In the government contracting world, organizations can face roadblocks in pushing a technology from the research, development and prototyping phases out to the field. This “valley of death,” as it’s often referred to in GovCon, represents a culmination of challenges associated with funding, time, momentum and other bureaucratic hurdles.
Of these issues, the most difficult for organizations to overcome when transitioning from prototyping to fielding a solution is adoption, according to Alka Bhave, chief operations officer for Riverside Research.
“Adoption of that technology is really really critical in ensuring that the technology makes it into the hands of those that really need it,” Bhave explained in a video interview with Executive Mosaic. “We don’t want to develop something that will never get used or make life easier — that ensures correct focus on capabilities and technologies.”
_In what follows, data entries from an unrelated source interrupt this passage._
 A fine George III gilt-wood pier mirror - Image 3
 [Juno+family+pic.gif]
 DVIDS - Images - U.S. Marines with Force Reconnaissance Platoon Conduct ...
For government customers, there is an added layer of complexity in getting these critical technologies and capabilities into the hands of the end user.
“A technology may be created, prototyped and funded by one entity and then introduced as a program of record, as part of an acquisition lifecycle, for another entity,” Bhave said, describing some of the continuity challenges that federal buyers may encounter.
In her conversation with Executive Mosaic’s Summer Myatt, Bhave also provided a breakdown of the Department of Defense’s fiscal year 2023 budget, which includes the largest ever increase in R&D funding in the department’s history.